*Problem requirements*
Each record below should be returned exactly, with its pictures left out.

Start of Data to examine

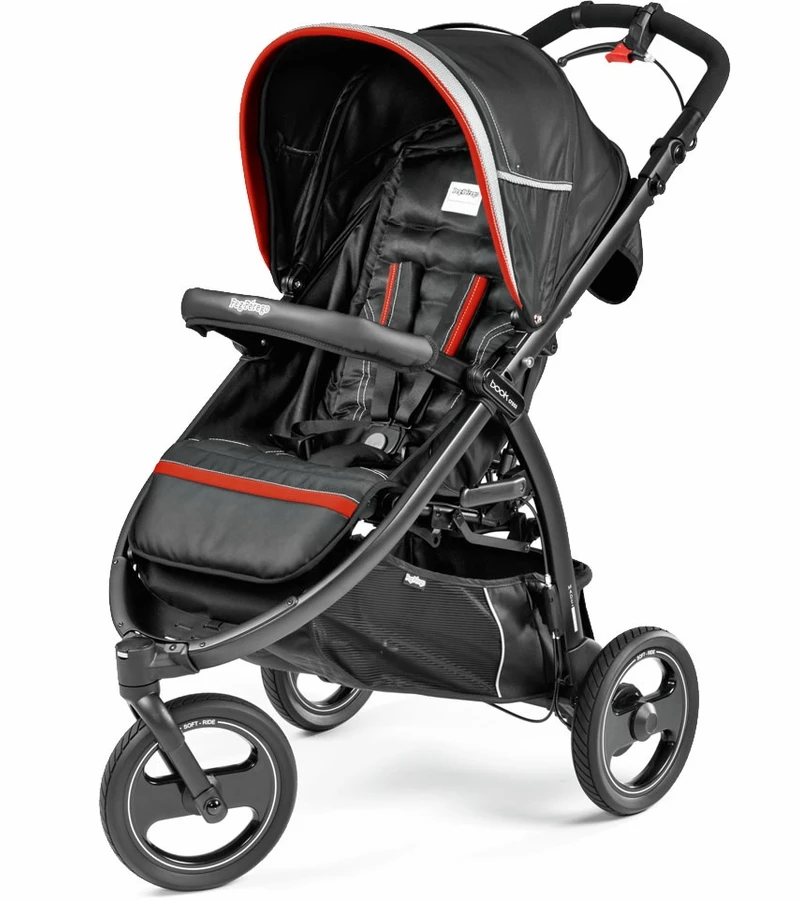 Peg Perego Book Cross Stroller - Synergy 3 Peg Perego Book Cross Stroller - Synergy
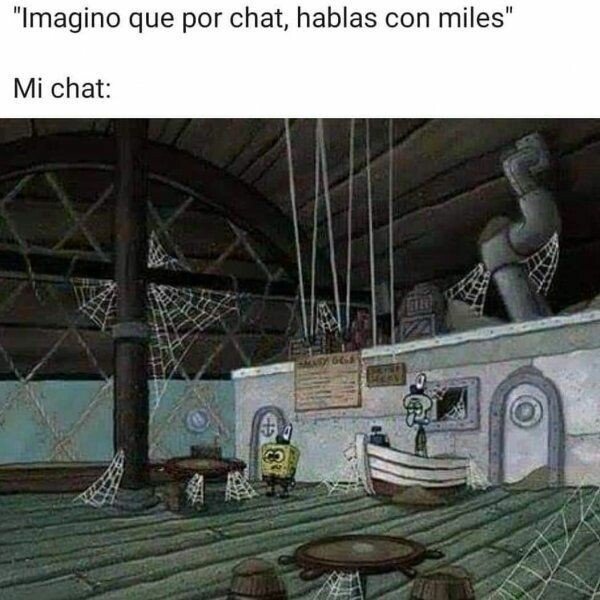 Meme_otros - Mi vida es apasionante, claro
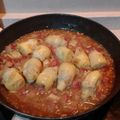 El cooksnap de Aj Jg cuando hizo Alcachofas con cebolla y Jamón.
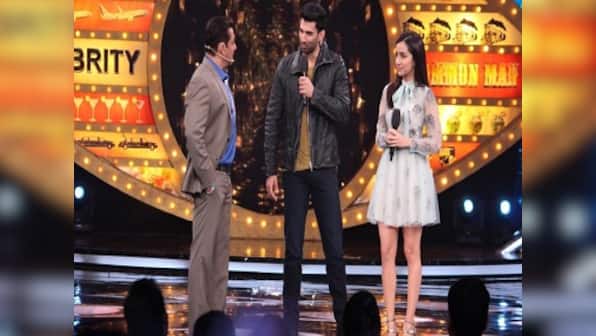 Bigg Boss 10, Weekend Ka Vaar, 7 January, 2017: OK Jaanu actors Shraddha Kapoor, Aditya Roy Kapur visit the house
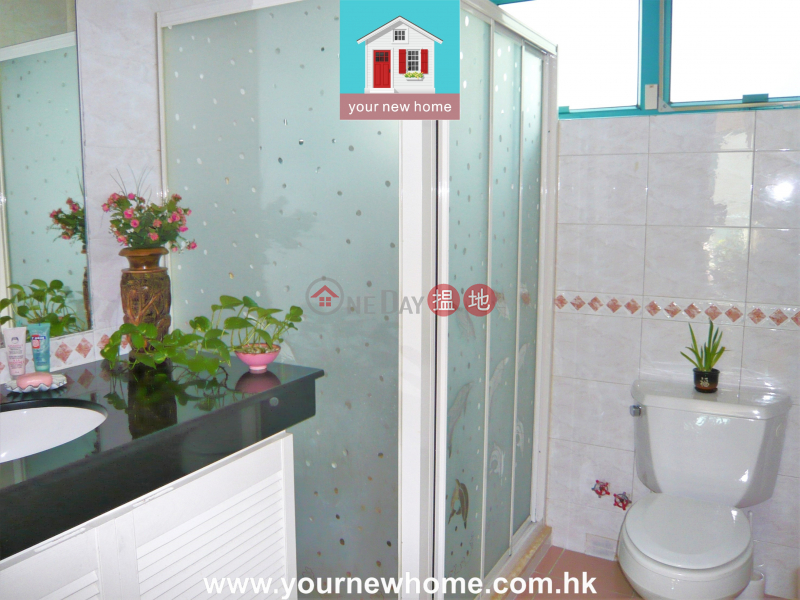 香港搵樓|租樓|二手盤|買樓| 搵地 | 住宅-出租樓盤-House in Sai Kung with Shared Pool for Rent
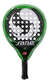 Paleta Padel Sane Agressor 2.1 Eva Compact Paddle Verde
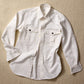 NU-00001-W0 - 2 Pocket RN Work Shirt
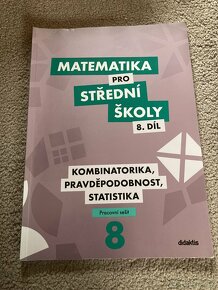 Matematika pro střední školy - 4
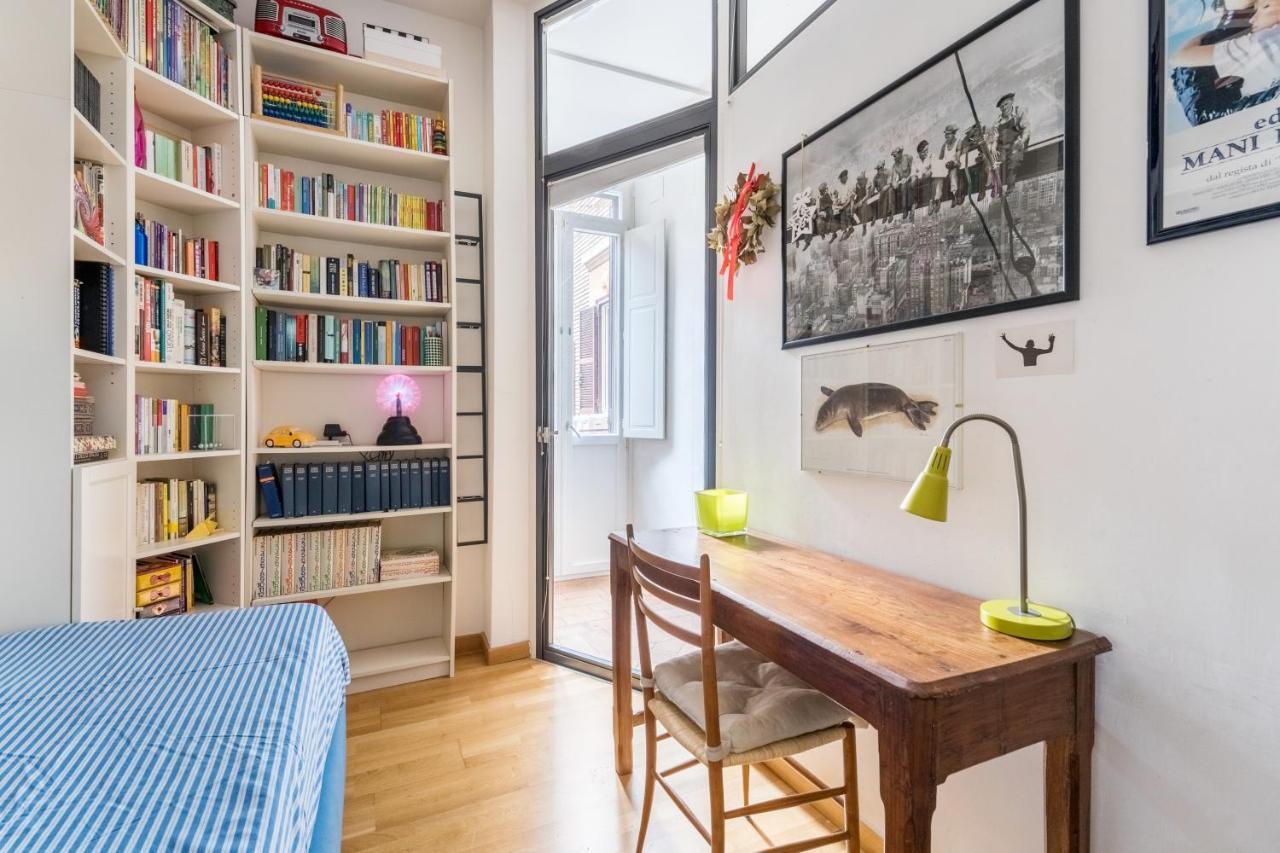 Maison Regola, Styilish Apt In Campo De Fiori Ρώμη Εξωτερικό φωτογραφία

End of Data to examine

*Your solution*
 Peg Perego Book Cross Stroller - Synergy 3 Peg Perego Book Cross Stroller - Synergy
 Meme_otros - Mi vida es apasionante, claro
 El cooksnap de Aj Jg cuando hizo Alcachofas con cebolla y Jamón.
 Bigg Boss 10, Weekend Ka Vaar, 7 January, 2017: OK Jaanu actors Shraddha Kapoor, Aditya Roy Kapur visit the house
 香港搵樓|租樓|二手盤|買樓| 搵地 | 住宅-出租樓盤-House in Sai Kung with Shared Pool for Rent
 Paleta Padel Sane Agressor 2.1 Eva Compact Paddle Verde
 NU-00001-W0 - 2 Pocket RN Work Shirt
 Matematika pro střední školy - 4
 Maison Regola, Styilish Apt In Campo De Fiori Ρώμη Εξωτερικό φωτογραφία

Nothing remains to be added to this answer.